San Pedro is a funky little town, filled with20 something backpackers. It has little narrow streets that wind around the town, there are few street names or addresses, you just have to wing it. There are tons of massage, healing and mind expanding exploits. The smell of burning herb was everywhere. Locals approached Daniel numerous times trying to sell him weed and mushrooms. There were great little restaurants, Thai, India, Japansese and vegetarian. The locals were very tolerant of the backpacker lifestyle and seemed to look the other way when weed was in the air and other nefarious activity was taking place. It had a great like music and nightlife scene and again Daniel and I spent a few nights on the town. Definitely a place you could get lost and drop out of life in. They say many young people come here and never leave. They open bars and restaurants, surf and yoga schools and generally cater to the backpacker lifestyle.

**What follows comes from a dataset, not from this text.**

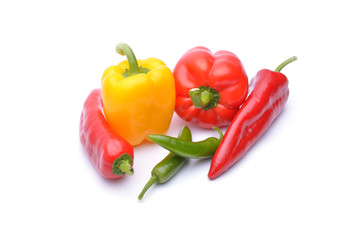 Colored peppers on white background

We took the little panga boats to the other towns on the lake while the kids climbed another volcano. Our tuk tuk driver took us to a place where we were treated to a traditional Mayan church ceremony, complete with an incense filled room with the local moonshine for everyone. What a trip. We loved the place. Our Airbnb in San Pedro was the best one so far. Again $60 a day for a 2br 2ba house spectacularly decorated in traditional Mayan handicrafts and textiles. It had a spectacular view of the lake and the 3 acre garden surrounding the house was one of the most beautiful and tranquil we had ever seen. The hosts were amazing, we will never forget our time there. We took a hike to an abandoned coffee farm, where we explored and discovered all sorts of cool things. We went to Panajachel for my birthday and had the best BBQ we have had since we left the states. We did some shopping, Panjachel definitely had the best handicrafts and the best prices we had seen in Guatemala.
It was time to head back to ES. Daniel needed to return back to Long Beach to begin working full time for Solar City and we needed to get back to the boat and boat schooling. The drive back was much easier than the ride there. By far, the best day to travel in Central America is Sunday. No one is on the road. We made it back to the boat in 5 hours.
None of us was looking forward to what lay ahead. Daniel surely did not want to leave and go back to work and Jirig, Nico and I were looking at 3 long months waiting in ES for good weather to head south.